Dünya krizkolik oldu
Artık kriz lafını çok sık kullanmaya başladık. Kullanmaya da devam edeceğiz. Eğer ekonomik krizlere daha geniş bir perspektiften bakarsak bu gerçeği daha net görebiliriz... Küresel süreç dünyayı daha kırılgan yaptı ve kriz aralığı sıklaştı.
Küreselleşmeden önce, 20-30 yılda bir telaffuz edilen kriz, şimdi sürekli telaffuz ediliyor.
1) Küreselleşme, spekülatif sermayenin hedge fonların hızlı hareket etmesine ve spekülatif piyasaların oluşmasına yol açtı. Sermaye piyasaları balon yaptı. Reel sektör ile finans sektörü arasında denge bozuldu. Borsalardaki hisse senetleri, temsil kabiliyetini yitirdi ve balon yaptı. Bu nedenlerle kırılganlık arttı.
2) IMF yanlış kararlar vermeye başladı. Standart önerilerde bulunuyor.Tek tip reçeteler, farklı ekonomilerde farklı etki yaratıyor.
Örneğin, son G-20 raporunda, aşırı ısınan ülkeler olarak Arjantin, Hindistan ve Türkiye aynı kefeye konuluyor. Her şeyden önce bu üç ülke Çin’le birlikte büyümenin motoru olan ülkelerdir. Büyümeyi fazla düşürmeden, ısınma önlenebilir. Kriz yaratan ülkeler ABD ve AB’dir. Kaldı ki bu üç ülkenin 2011 büyüme oranları birbirine yakındır. Ancak cari açığının Gayri Safi Milli Hasılaya oranı, Türkiye’de yüzde 10, Arjantin’de yüzde 3 ve Hindistan’da yüzde 3.3’tür. Yani Türkiye’de aşırı ısınmada sorun ve önlemlerde öncelik cari açığa yönelik olmalıdır. Yine IMF, Türkiye ile ilgili ekonomik tahminlerde, 2012 yılı için büyümeyi yüzde 2.5’a indiriyor. Cari açığı 2012 ile aynı tutuyor. Oysaki büyüme bu kadar düşerse, cari açık aynı oranda olmasa da düşer. Özet olarak gerek IMF ve gerekse raiting kuruluşları da bilinçsiz olarak kriz altyapısını oluşturuyor.

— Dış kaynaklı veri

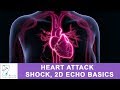 Understanding Acute Coronary Syndrome and Related Concepts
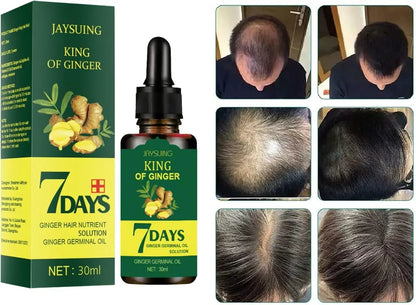 🚀 ACTIVA EL CRECIMIENTO NATURAL DE TU CABELLO HOY MISMO 🌱 – SIN QUÍMICOS, SIN EXCUSAS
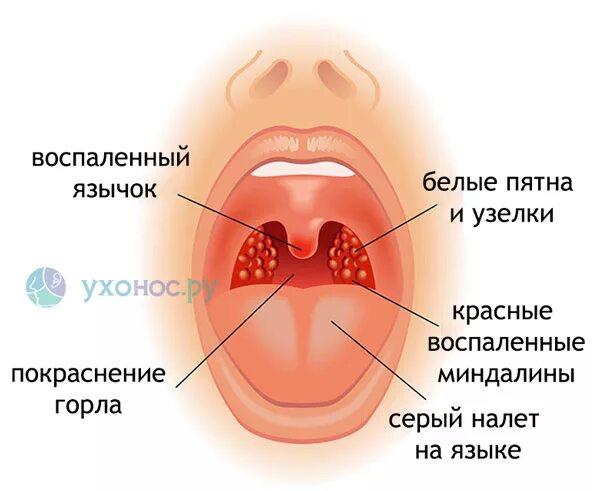 Прыщи на задней стенке горла фото У грудничка белый прыщик на небе: возможные причины, методы терапии и профилакти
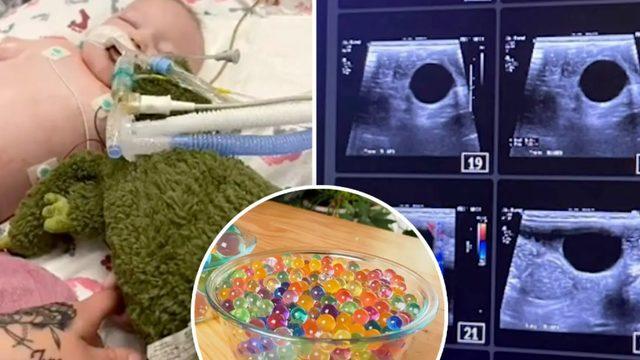 Tehlike hâlâ devam ediyor! Su maymunu yutan bebek neredeyse ölüyordu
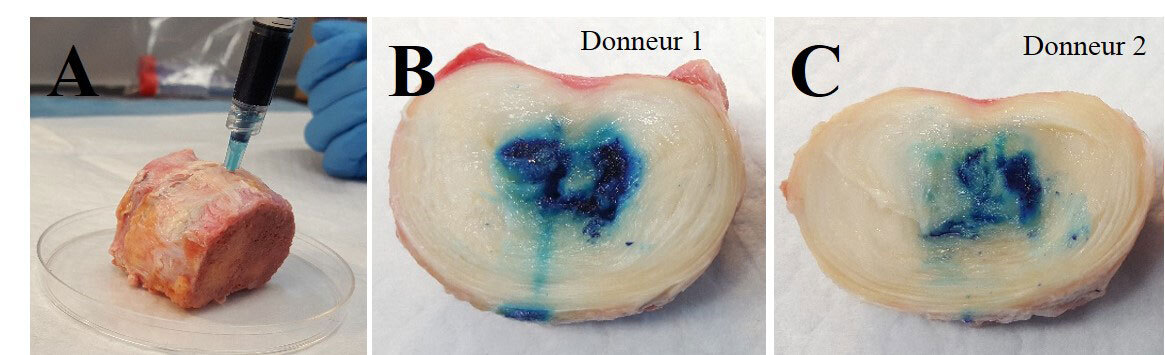 Injection d’hydrogel dans un noyau pulpeux humain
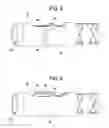 Fig. 04 - Deflecting endoscope accessory channels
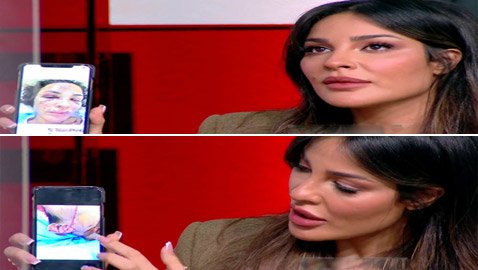 نادين نسيب نجيم تكشف عن صور وجهها المشوه لأول مرة بعد انفجار بيروت
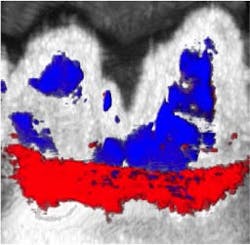 Content Dam Bow Online Articles 2017 09 Photoacoustic Ultrasound Image Content Dam Bow Online Articles 2017 09 Photoacoustic Ultrasound Image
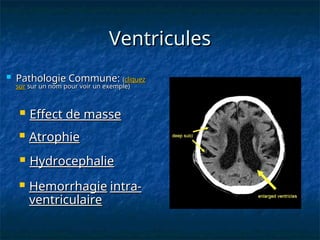  Pathologie Commune:
Pathologie Commune: (
(cliquez
cliquez
sur
sur sur un nom pour voir un exemple)
sur un nom pour voir un exemple)
 Hydrocephalie
Hydrocephalie
 Hemorrhagie
Hemorrhagie intra-
intra-
ventriculaire
ventriculaire
 Effect de masse
Effect de masse
 Atrophie
Atrophie
Ventricules
Ventricules
 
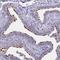 Transmembrane Protein 138 antibody, NBP1-92528, Novus Biologicals, Immunohistochemistry paraffin image 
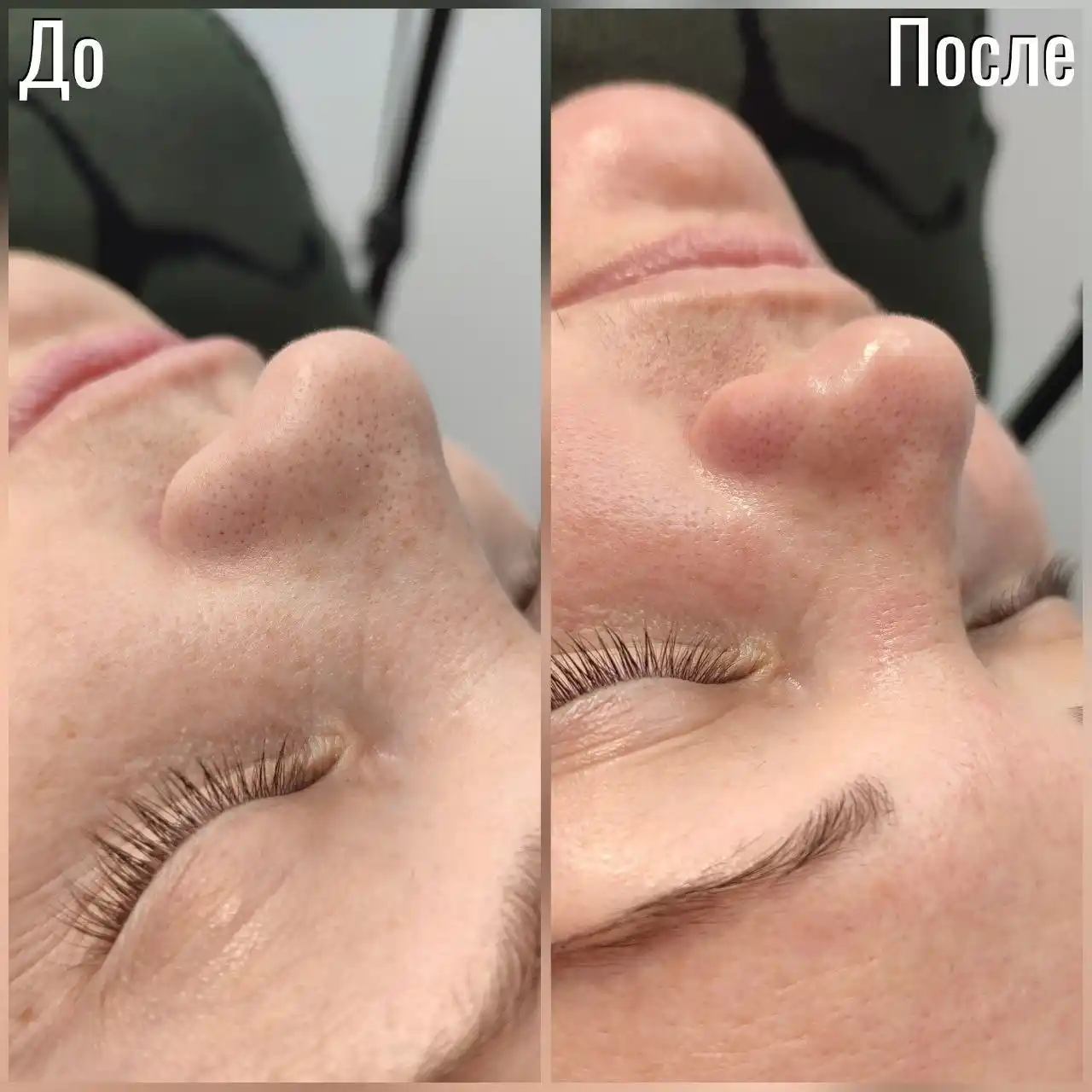 Косметологические услуги в Чебоксарах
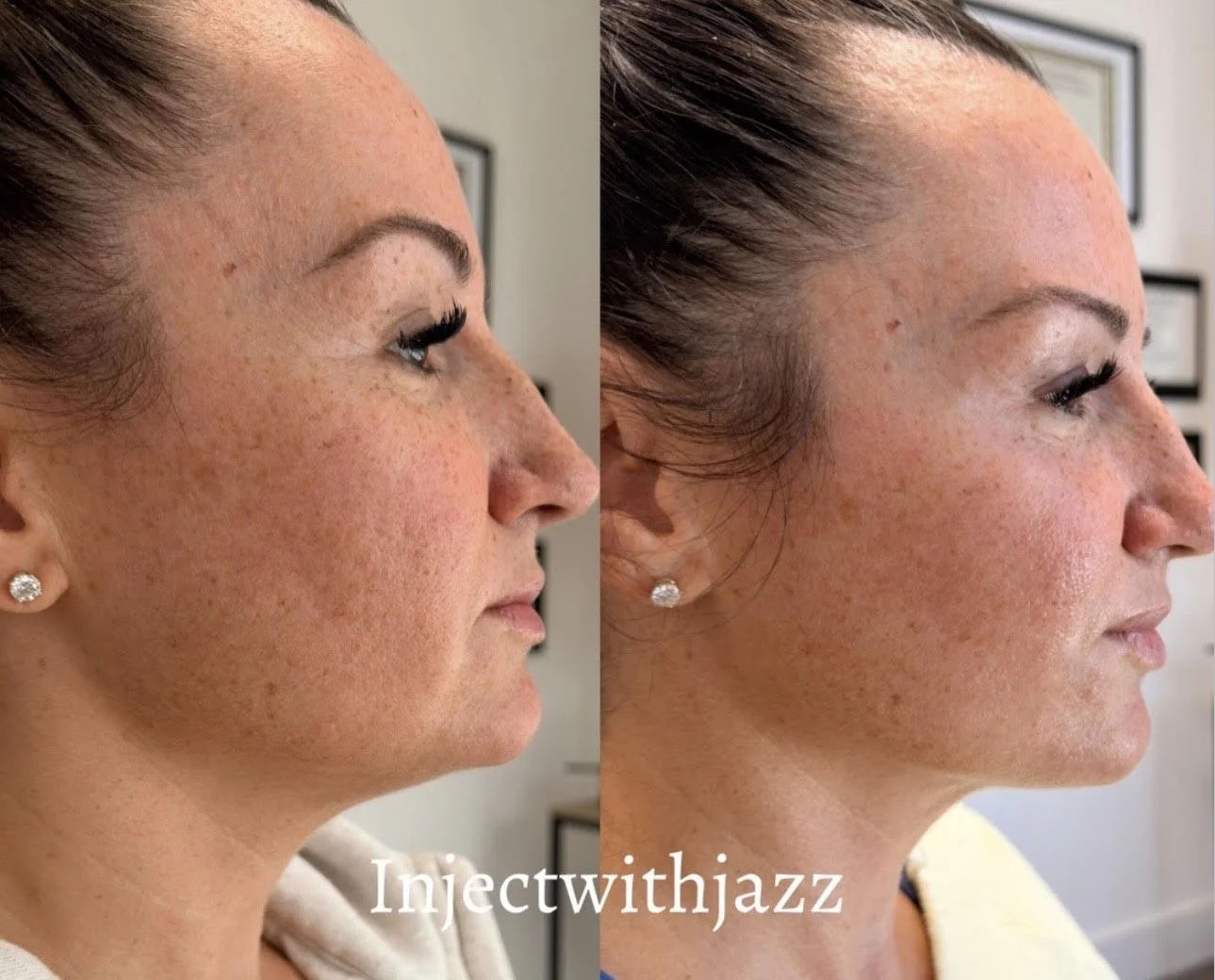 Injector: Jazmin Rivero PA-C     Treated area/s: Nefertiti & Dao 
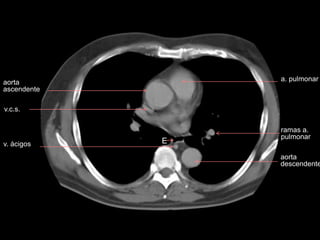 a. pulmonar
v.c.s.
v. ácigos
ramas a.
pulmonar
E
aorta
ascendente
aorta
descendente
 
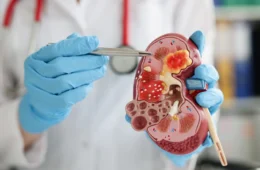 Veja os 9 alimentos mais indicados por especialistas para cuidar da saúde dos rins
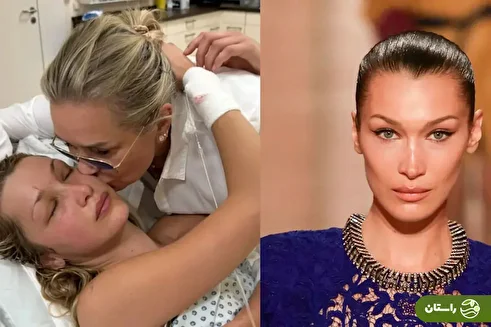 تصاویر شوکه‌کننده از مدل مشهور آمریکایی؛ بیماری بلا حدید چیست؟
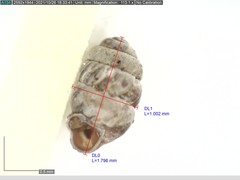 Vertigo angustior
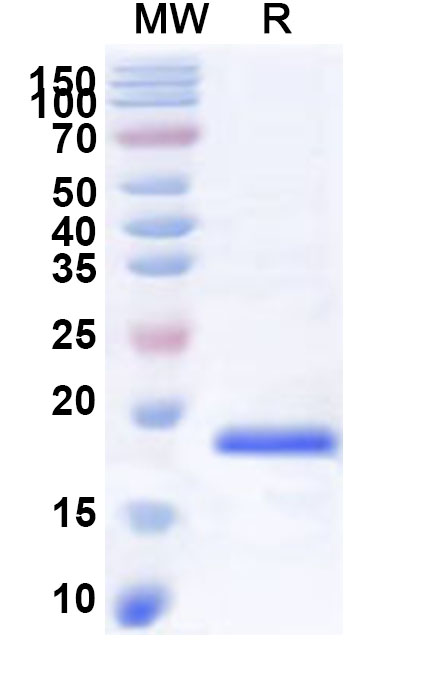 SDS-PAGE for Recombinant Human SLC34A1 Protein, N-His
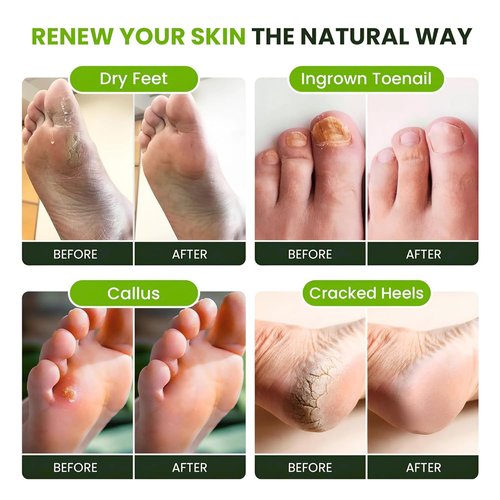 Tea Tree Oil Foot Soak - Epsom Salt Formula for Toenail Repair & Sore Feet Relief | 16 oz Made in USA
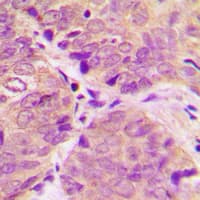 PPP1R1B / DARPP-32 Antibody (phospho-Thr34)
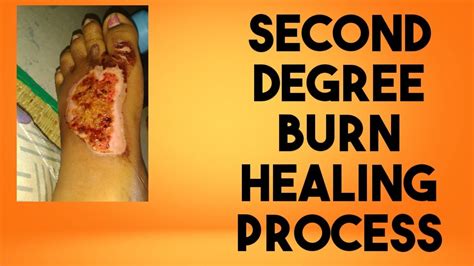 We did not find results for: Second degree burn Healing process/time - YouTube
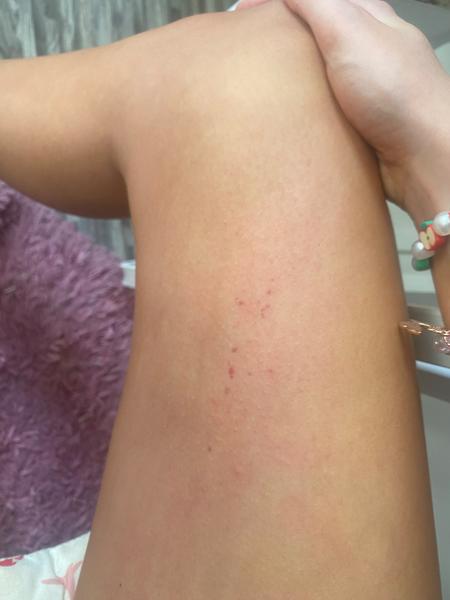 Štípnutí od roztoče nebo jiného parazita během spánku?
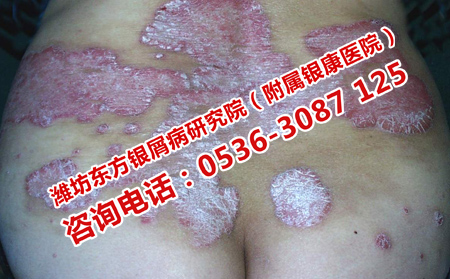 济南看牛皮癣理想的医生在哪里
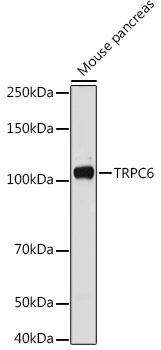 TRPC6 Antibody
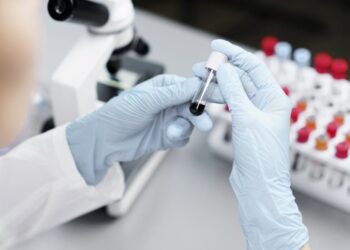 Лабораторна діагностика ризиків інфаркту та інстульту у Шостці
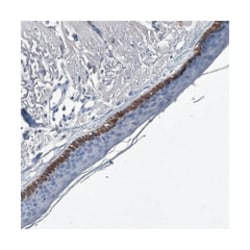 TTC24 Rabbit anti-Human, Polyclonal Antibody, Abnova 100 &mu;L | Buy Online | Abnova Corporation | Fisher Scientific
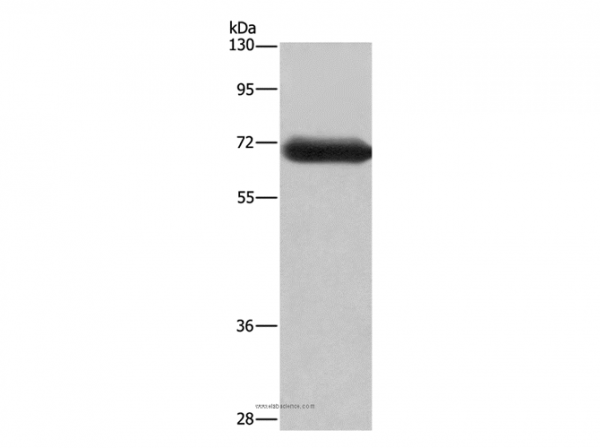 Anti-DPYSL3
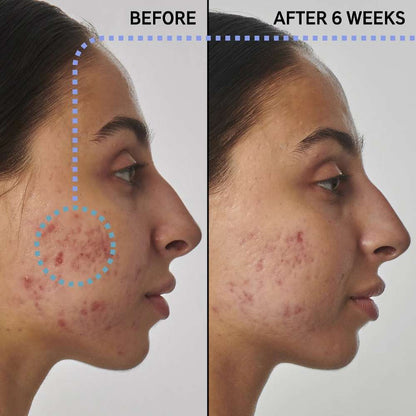 The INKEY List SuperSolutions 1% Retinol Scar, Mark & Wrinkle Solution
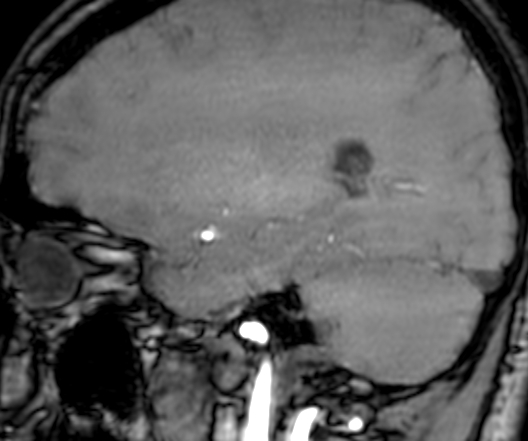 Cerebral arteriovenous malformation at posterior body of corpus callosum (Radiopaedia 74111-84925 J 272).jpg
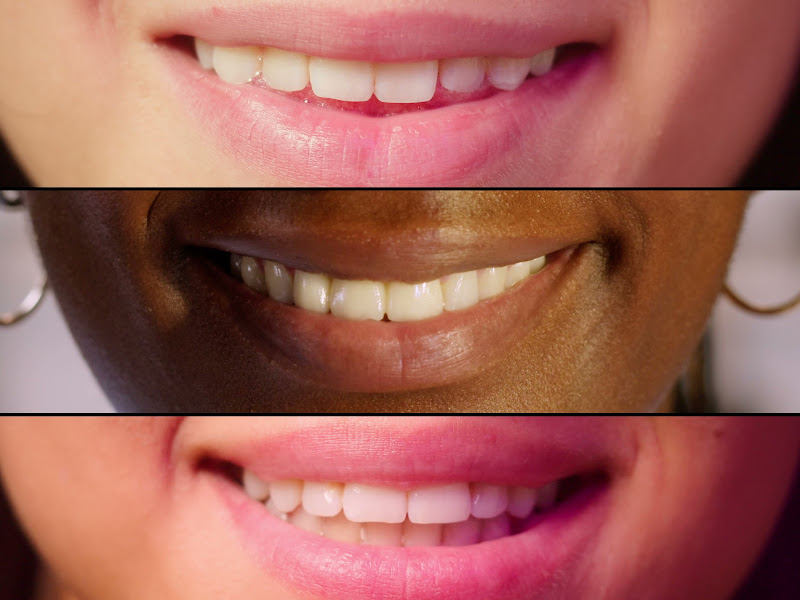 Foto 3 de Dra Sônia Valentoni Guelfi Odontologia | Dentista no Bairro Saúde | Praça da Árvore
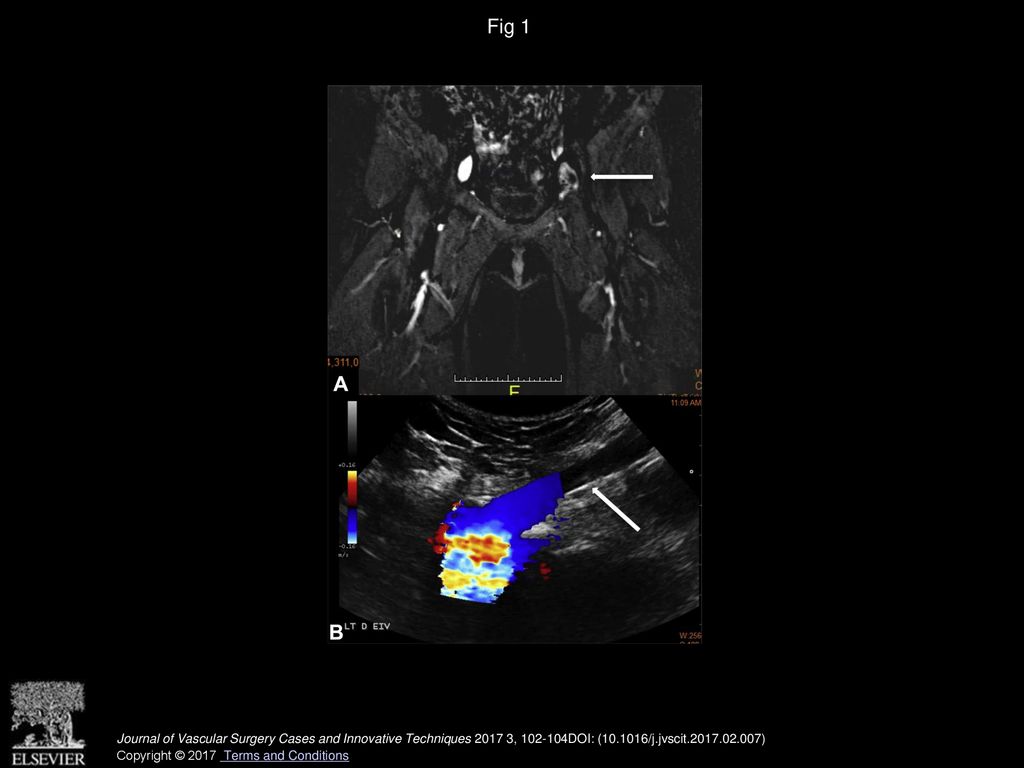 Inguinal pain and fullness due to an intravascular leiomyoma in the ...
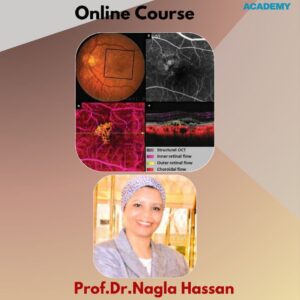OCT Angio Online Course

3)Türkiye’de, siyasi iktidarı temsil edenler ve Hükümet adına krize dikkat çekildi.
Bunun nedeni ekonomik beklentileri yönlendirmektir. Alınan iktisat politikaları hemen sonuç vermiyor. Örneğin MB’nın karşılık oranlarını artırması, 5- 6 ay sonra etkili olabildi. Bu nedenle Hükümet daha kısa sürede etkili olsun diye üreticiyi ve tüketiciyi uyardı. Üretici ve tüketici anında veya daha kısa zaman içinde önlem alıyor. Hükümetin bu uyarıdan beklediği nedir? Tüketimi kısmak, toplam talebi daraltmak ve bu yolla ithalat talebini ve cari açığı düşürmek .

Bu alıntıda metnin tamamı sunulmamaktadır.